→ **To do**: "Lime green geometric print kurta set" appears in one line of the listing below; retype that line and every later line exactly, stopping at the end, and nothing else.

→ **Recorded data**:

#####

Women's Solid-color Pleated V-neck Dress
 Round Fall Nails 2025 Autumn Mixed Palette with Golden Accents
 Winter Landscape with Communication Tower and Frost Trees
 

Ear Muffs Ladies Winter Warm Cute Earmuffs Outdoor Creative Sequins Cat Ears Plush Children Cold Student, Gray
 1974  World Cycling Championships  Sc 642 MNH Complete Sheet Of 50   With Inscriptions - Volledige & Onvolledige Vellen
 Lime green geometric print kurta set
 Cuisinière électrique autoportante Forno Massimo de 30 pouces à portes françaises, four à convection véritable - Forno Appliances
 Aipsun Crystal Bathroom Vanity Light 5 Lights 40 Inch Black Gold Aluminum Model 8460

#####

→ **Task answer**:
 Lime green geometric print kurta set
 Cuisinière électrique autoportante Forno Massimo de 30 pouces à portes françaises, four à convection véritable - Forno Appliances
 Aipsun Crystal Bathroom Vanity Light 5 Lights 40 Inch Black Gold Aluminum Model 8460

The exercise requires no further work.